La persona comienza allí donde, seguramente, está anclado de un modo mucho más amplio, aquél que hace entrar en juego lo que, sin duda, se ubica en su origen, a saber: el goce. Es por ello que la experiencia analítica nos enseña a dibujar aquí de otro modo lo que fue hecho como el Atlas, si puede decirse, cartográfico, de lo que se refiere a los juegos que se refieren al sujeto. Es por eso que aquella tiene su importancia; es en eso que inaugura un método, que no pretende reconstruir un nuevo todo, sino seguramente, que desde ahora en más, trastorna los antiguos sistemas de proyección que constituyen un todo.
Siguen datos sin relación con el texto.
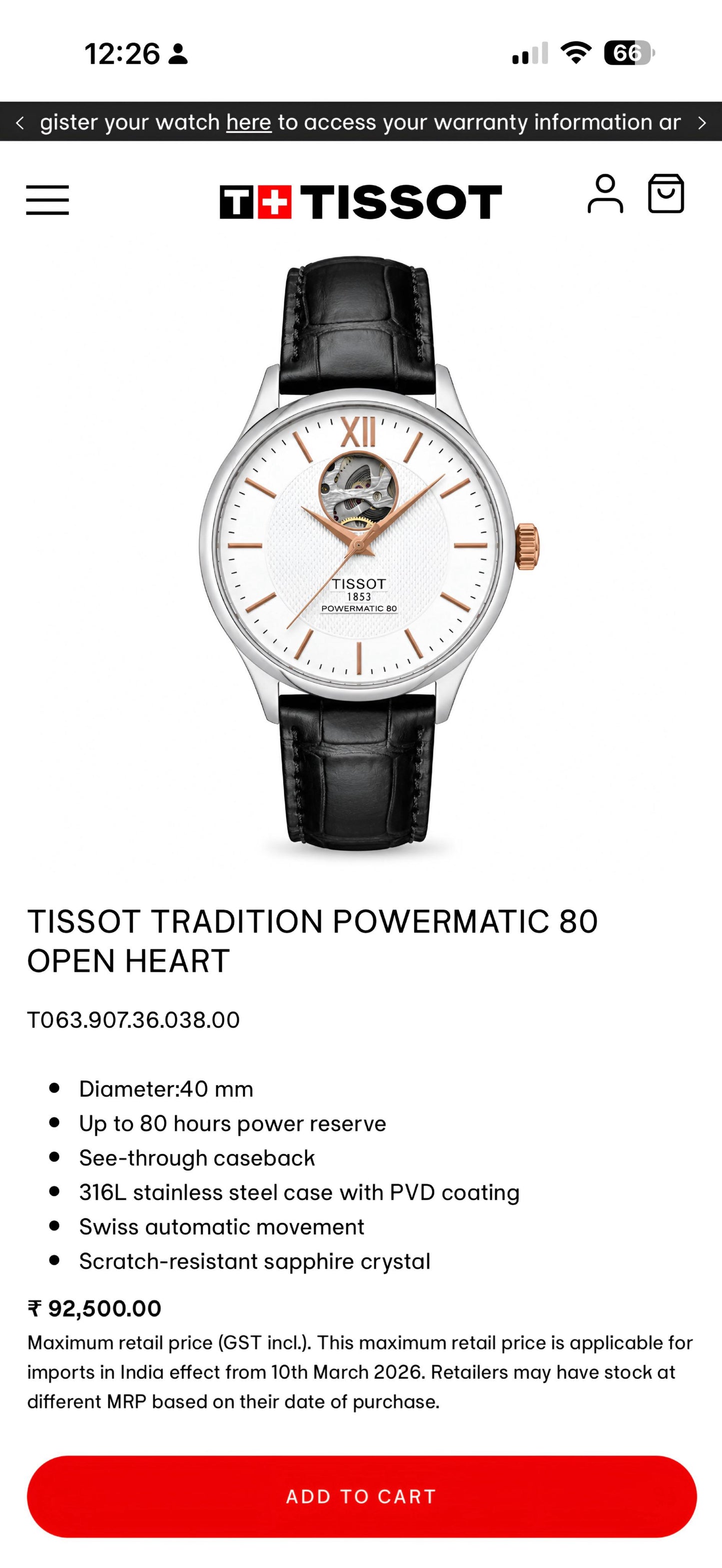 Men's Premium Watch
Habría que puntuar, evidentemente aquí, al margen, toda suerte de indicaciones que son sugestiones, índex forzado, punto importante en esta significación del índex, en su descubrimiento en progresión; esto es seguramente, algo distinto que aquello en lo cual podemos distinguirlo, por ejemplo, en la lengua, al hacer de ella un distintivo de una suerte de significante índex, del cual propongo, a aquellos que pueden tener aquí inclinación a volver sobre lo que Freud ha enunciado al nivel de «psicología colectiva y análisis del Yo», a considerar que el jefe, el líder, el elemento jefe de la identificación tal como él lo enuncia, deviene tanto más claro en esta perspectiva en que allí se muestra la solución que hace posible eso por lo cual el sujeto se identifica estrictamente al a.
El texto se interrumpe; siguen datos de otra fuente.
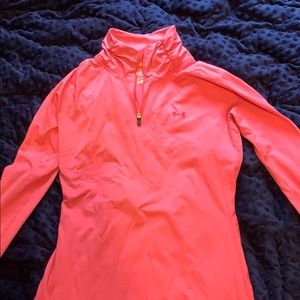 Under Armour Quarter Zip Jacket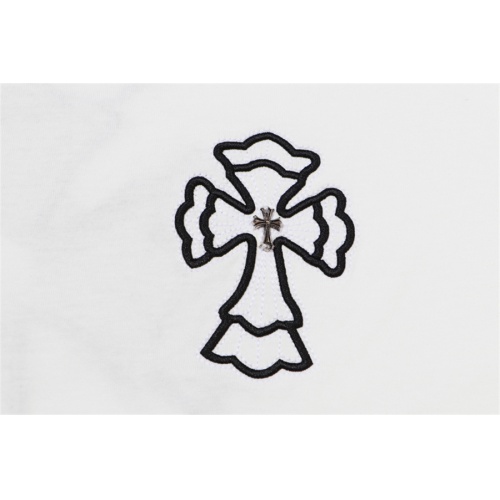 Cheap Chrome Hearts T-Shirts Short Sleeved For Unisex #1212470 Replica Wholesale [$42.00 USD] [ITEM#1212470] on Replica Chrome Hearts T-Shirts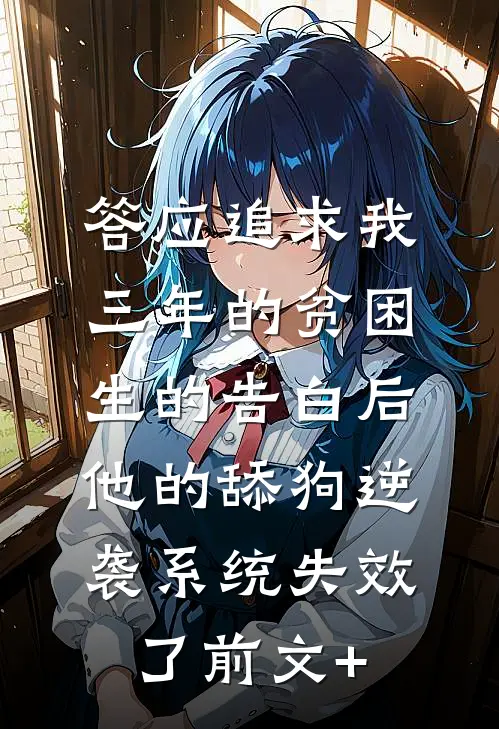 答应追求我三年的贫困生的告白后，他的舔狗逆袭系统失效了前文+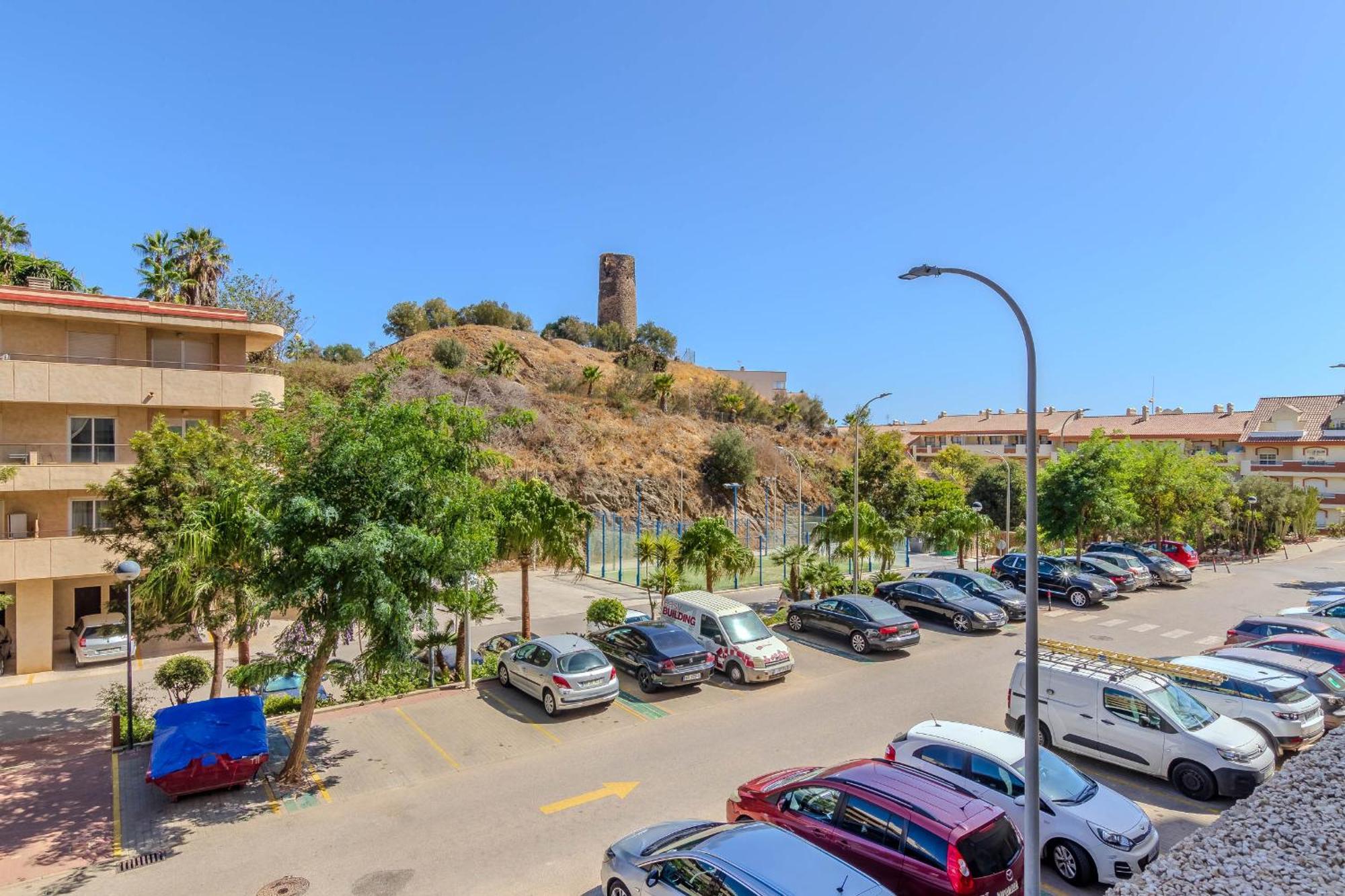 Apartamento Para 6 Con Wifi, Ac, Piscina Y Parking Gratis Benalmádena Kültér fotó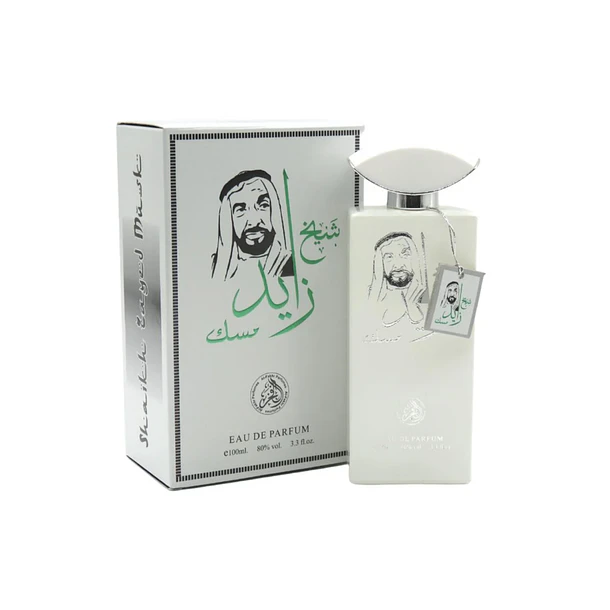 Shaikh Zayed Musk edp 100ML Al-Fakhr Perfumes unisex 1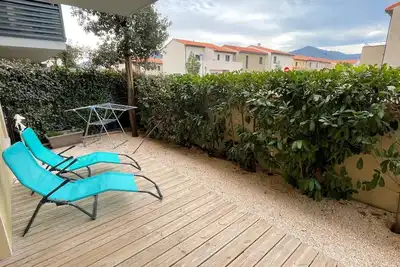 Image de Appartement 3 pièces avec terrasse et jardin, proche plage et commerces, 2 parkings, Argelès-sur-Mer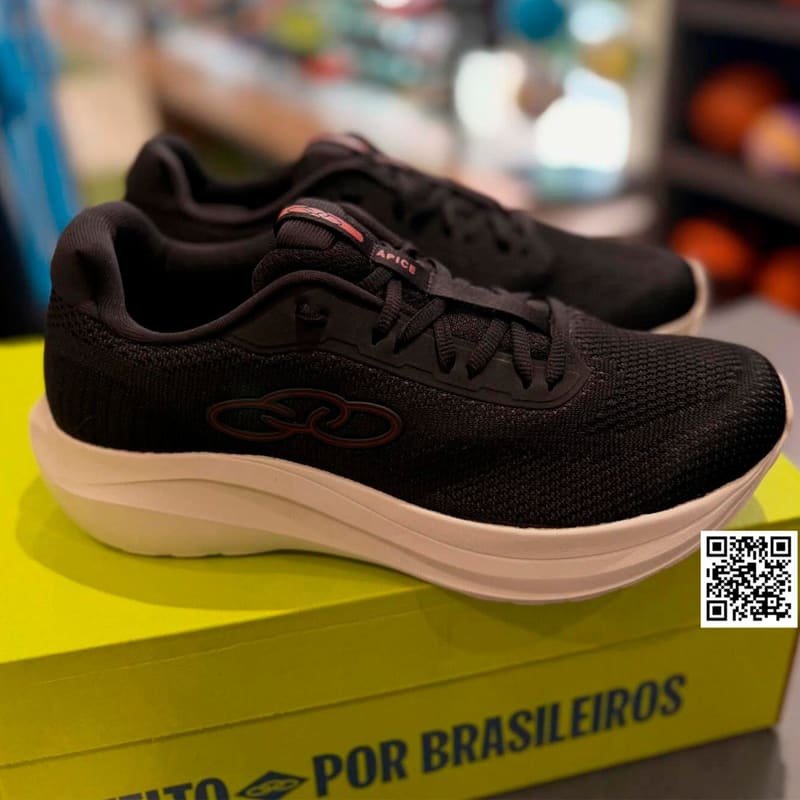 Tenis Olympikus Apice Masculino Preto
Dicho de otro modo, que él deviene lo que él es verdaderamente, es decir, un sujeto en tanto que él mismo está barrado.  Lo que hemos visto y que desde entonces debe ser considerado por nosotros como pudiendo siempre reproducirse, el pasaje de toda una masa a la función de la mirada unívoca si puedo decirlo es algo de lo cual sólo puede dar cuenta la percepción de las posibilidades ofrecidas en ese registro al significante privilegiado de ser el más sumario, de estar reducido a lo que Freud designa siendo pura y simplemente la marca, la función única del 1. Pues aquí, entonces, el sistema a que el pensamiento está enteramente sujeto y del cual, siéntanlo bien, no es cuestión en ningún caso que salga todo lo que pueda articularse, y especialmente como saber. La consecuencia sobre algo vivo que el lenguaje envuelve el sistema de los significantes es, precisamente que, a partir de él la imagen está siempre, más o menos, marcada por ser asumida en el sistema, y como significante. Esto es obligarla a la función del tipo y a eso que se llama el universal.

Cómo no está claro, cómo no es  común y, cómo no ha pasado aún alguna forma efectiva de renovación de las instituciones el hecho de sí las imagenes son tomadas en el juego significante, es algo que está allí para hacernos patente toda la experiencia analítica testimonia de ello que lo que allí se pierde es la función imaginaria, en tanto ella responde por el acuerdo del macho y la hembra. Si hay algo que el análisis nos demuestra es que es en razón de la captura del sujeto, no sólo que todo lo que es designable como macho por otra parte es ambigüo, hasta revocable en una más cercana crítica, que es también verdad para la otra parte y que esto está sancionado por el hecho de experiencia más precisa; que en el nivel del sujeto no hay más reconocimiento como tal del macho por la hembra ni de  la hembra por el macho. Todo eso que una exploración un poco profundizada nos demuestra de la historia de una pareja, es que las identificaciones han sido allí múltiples, recubriéndose y formando siempre, al final, un conjunto compuesto.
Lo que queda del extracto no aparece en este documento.